# MATERIAL FOR THIS EXERCISE
───
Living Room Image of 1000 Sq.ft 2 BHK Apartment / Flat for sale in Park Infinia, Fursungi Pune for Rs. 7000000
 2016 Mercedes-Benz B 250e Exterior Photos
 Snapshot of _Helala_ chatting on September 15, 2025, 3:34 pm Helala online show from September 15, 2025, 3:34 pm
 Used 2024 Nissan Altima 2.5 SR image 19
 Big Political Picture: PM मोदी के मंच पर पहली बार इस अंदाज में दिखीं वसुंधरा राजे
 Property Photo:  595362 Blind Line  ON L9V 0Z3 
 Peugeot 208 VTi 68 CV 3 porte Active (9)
───
# WHAT THE TASK ASKS
Word for word, write out every entry shown above.

# WRITTEN SOLUTION
Living Room Image of 1000 Sq.ft 2 BHK Apartment / Flat for sale in Park Infinia, Fursungi Pune for Rs. 7000000
 2016 Mercedes-Benz B 250e Exterior Photos
 Snapshot of _Helala_ chatting on September 15, 2025, 3:34 pm Helala online show from September 15, 2025, 3:34 pm
 Used 2024 Nissan Altima 2.5 SR image 19
 Big Political Picture: PM मोदी के मंच पर पहली बार इस अंदाज में दिखीं वसुंधरा राजे
 Property Photo:  595362 Blind Line  ON L9V 0Z3 
 Peugeot 208 VTi 68 CV 3 porte Active (9)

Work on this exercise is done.